Should “Luck” factor into your DR/BC plans?
The greatest storage and systems administrator of all time was Montgomery “Scotty” Scott. No matter how far outside of design the ship was pushed he generally found away after saying “the ship can’t take anymore” to find the capacity to prevent disaster. His key secret?
- Expectation setting (He always looked good when he under promised and over delivered).
- Hiding reserve capacity (A key tallent in many storage management practices).
- A magic ability to get limitless budget for repairs, replacement parts and ships.
The reality in storage management is we can not all be Scotty (nor should we need to be). Sometimes we end up in scenarios that the system was not designed for. Thankfully there are sometimes capabilities of storage systems that vendors can expose that allow us to opportunistically exceed design expectations and “win” in Kobayashi Maru “no-win” scenarios. When data has gone missing or is expected to be gone for good, what is involved in your plan?
When planning disaster recovery or business continuity should you include “Might be there” safety nets? When drafting target Recovery Point Objectives (RPO) or Recovery Time Objectives (RTO) should or can you count on these vs. properly investing in a good backup/disaster recovery solution?
Restore Accidentally Deleted LUN
A lot of data loss scenarios are murkier to plan for than you realize Accidently deleting a LUN is a shockingly common occurrence. Poorly updated LUN number abstraction maps, and separation of duties (3 people involved in identifying a volume to delete on a SQL cluster) can all lead to this.
Some storage arrays have magic un-delete buttons. This can range from a trashcan to an obscure command that requires support to invoke. This capability is generally contingent on free space being available to retain the data that was deleted. I’m always nervous about including this in an RPO/RTO promise. The problem is in an out of space condition one of two things happen when counting no this capability:
1. The array will go read-only and crash every virtual machine (well abruptly pause if VAAI is working)
2. The snapshots will auto-delete
“But John I don’t have a high enough change rate, and I run my array at 20% usage!”
This may be true, but ransomware has a nasty habit of:
1. Re-writing all of your data.
2. Encrypting the data so that 4x dedupe and compression turn to a negative dedupe rate. Either of these activities can trigger an out-of-space condition.
You also need to be concerned with ransomware like IO activities coming from your users/application owners:
- DBA decides to turn on encryption on a database and doesn’t tell anyone.

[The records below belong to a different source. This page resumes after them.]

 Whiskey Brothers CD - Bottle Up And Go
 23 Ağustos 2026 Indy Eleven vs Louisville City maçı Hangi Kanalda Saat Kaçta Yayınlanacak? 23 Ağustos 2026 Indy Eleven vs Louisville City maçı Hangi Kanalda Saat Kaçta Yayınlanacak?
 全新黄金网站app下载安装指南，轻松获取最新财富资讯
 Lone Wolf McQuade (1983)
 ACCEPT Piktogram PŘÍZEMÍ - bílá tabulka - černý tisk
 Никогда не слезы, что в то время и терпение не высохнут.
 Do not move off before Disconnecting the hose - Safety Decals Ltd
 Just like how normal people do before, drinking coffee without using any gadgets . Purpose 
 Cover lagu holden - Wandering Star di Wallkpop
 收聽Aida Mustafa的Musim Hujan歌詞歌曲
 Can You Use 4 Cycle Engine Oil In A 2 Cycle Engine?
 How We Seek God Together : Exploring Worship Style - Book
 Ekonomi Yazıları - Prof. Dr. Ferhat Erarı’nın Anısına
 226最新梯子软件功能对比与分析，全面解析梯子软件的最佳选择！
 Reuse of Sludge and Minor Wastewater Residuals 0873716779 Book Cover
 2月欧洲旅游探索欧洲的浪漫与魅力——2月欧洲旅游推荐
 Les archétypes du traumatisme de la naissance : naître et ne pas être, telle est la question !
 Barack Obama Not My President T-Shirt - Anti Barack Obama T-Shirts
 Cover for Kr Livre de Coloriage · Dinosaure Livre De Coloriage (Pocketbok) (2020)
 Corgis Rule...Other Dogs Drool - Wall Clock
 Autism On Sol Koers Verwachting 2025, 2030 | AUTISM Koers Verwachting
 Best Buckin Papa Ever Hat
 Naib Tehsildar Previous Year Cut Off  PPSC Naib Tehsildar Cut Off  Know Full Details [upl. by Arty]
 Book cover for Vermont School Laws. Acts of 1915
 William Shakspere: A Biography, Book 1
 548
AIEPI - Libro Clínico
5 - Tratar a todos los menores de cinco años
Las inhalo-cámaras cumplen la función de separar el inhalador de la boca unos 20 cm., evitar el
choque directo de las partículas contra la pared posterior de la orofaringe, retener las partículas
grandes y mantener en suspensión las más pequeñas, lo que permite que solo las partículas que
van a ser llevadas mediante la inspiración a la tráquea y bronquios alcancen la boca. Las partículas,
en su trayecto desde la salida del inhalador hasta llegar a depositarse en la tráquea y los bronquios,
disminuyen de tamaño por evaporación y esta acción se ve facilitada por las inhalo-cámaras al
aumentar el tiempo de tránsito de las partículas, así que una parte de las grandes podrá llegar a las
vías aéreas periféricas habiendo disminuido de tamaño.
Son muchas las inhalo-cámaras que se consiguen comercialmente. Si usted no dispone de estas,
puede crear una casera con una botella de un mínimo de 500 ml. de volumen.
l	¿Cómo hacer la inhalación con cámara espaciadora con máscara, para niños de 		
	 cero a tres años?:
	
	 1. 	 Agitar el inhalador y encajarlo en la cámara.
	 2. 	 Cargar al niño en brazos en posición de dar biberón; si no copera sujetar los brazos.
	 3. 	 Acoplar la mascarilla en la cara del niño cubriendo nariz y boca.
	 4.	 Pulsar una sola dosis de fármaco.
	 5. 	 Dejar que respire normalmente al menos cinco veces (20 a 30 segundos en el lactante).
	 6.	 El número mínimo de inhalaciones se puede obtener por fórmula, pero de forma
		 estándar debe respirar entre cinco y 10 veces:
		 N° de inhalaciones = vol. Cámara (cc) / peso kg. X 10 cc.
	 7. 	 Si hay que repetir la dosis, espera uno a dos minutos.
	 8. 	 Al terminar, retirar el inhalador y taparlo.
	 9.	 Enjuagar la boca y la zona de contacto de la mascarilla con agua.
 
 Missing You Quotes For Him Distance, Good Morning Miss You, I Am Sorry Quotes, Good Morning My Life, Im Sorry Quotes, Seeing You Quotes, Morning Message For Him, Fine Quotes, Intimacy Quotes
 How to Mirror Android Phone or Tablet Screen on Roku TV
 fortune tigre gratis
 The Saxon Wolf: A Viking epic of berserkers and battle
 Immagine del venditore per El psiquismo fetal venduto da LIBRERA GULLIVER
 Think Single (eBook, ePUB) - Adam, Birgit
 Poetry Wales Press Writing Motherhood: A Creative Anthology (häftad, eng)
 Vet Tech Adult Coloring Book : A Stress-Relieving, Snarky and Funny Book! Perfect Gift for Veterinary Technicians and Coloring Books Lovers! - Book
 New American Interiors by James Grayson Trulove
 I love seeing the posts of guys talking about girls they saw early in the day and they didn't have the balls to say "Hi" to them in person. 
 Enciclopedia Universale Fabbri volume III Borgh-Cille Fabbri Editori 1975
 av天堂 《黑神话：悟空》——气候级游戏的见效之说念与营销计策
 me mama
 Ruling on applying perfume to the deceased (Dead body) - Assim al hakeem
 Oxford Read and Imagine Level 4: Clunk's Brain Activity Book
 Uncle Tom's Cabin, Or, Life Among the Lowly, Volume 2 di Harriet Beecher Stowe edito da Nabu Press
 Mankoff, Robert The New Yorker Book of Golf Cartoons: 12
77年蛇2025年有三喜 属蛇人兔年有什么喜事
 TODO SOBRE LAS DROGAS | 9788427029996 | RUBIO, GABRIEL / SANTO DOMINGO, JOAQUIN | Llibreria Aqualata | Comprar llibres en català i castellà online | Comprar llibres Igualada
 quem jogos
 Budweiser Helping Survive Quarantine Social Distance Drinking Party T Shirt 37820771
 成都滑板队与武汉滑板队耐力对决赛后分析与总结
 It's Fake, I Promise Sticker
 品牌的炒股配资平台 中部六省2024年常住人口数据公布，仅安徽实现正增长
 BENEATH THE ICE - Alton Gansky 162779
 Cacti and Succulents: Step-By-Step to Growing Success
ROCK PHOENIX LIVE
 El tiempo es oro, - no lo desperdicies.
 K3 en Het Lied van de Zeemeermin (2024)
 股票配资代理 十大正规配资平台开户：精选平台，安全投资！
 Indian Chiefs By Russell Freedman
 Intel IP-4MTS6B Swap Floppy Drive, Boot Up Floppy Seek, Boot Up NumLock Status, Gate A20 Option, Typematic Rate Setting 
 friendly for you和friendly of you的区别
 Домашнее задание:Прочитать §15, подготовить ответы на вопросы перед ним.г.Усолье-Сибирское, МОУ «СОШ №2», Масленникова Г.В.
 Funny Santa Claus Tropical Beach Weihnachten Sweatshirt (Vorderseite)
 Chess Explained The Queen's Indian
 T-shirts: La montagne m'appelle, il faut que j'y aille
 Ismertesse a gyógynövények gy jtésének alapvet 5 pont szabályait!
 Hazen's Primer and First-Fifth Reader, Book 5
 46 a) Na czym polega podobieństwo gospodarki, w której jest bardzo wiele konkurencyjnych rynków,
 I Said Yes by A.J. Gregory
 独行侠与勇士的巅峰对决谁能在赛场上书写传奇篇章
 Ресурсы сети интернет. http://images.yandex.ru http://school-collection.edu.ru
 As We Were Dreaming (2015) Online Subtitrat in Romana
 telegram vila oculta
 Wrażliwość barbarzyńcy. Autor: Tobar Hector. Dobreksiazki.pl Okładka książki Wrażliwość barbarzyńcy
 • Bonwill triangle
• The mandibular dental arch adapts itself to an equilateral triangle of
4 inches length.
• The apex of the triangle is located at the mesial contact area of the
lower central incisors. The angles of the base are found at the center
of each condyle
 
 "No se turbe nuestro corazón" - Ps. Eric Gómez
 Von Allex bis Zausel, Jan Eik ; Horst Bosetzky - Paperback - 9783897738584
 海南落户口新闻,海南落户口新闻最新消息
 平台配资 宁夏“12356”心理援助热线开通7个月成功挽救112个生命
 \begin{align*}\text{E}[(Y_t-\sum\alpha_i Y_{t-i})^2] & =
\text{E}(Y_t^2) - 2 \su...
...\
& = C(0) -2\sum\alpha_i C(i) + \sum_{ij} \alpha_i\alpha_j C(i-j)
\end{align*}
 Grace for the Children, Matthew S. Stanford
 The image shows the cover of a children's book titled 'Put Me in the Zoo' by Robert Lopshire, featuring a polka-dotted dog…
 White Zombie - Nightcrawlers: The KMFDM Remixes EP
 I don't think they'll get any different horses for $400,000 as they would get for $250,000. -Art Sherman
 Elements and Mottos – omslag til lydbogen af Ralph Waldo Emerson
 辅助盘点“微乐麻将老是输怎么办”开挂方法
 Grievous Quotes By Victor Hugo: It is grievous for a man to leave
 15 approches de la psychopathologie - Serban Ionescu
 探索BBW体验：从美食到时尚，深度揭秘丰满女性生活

- Large batch process re-writes the data
- Large data ingestion events
“But why would this problem happen at the same time I’m deleting a LUN?”
One of these things often causes the other. An out-of-space condition will often make all volumes on an array go read-only. This generally forces a storage admin to delete LUNs quickly. This outage often can happen at weird hours without proper caffeine, visibility, or communication.
Capacity Reservation Mitigation
Preventing out of space conditions (to prevent this scenario) can be done by “always provisioning thick” and reserving 110% capacity for snapshots, but practically the costs associated with doing this with storage that doesn’t tier into cheap S3 isn’t a feasible solution for all but the most deep-pocketed of datacenters. It may be tempting to “throw primary storage” at this problem, but that budget is often better invested in other mitigations.
Unplanned Data Loss
Other scenarios where “maybe I can recover your data” tools come into play are failures that exceed the design of the storage platform.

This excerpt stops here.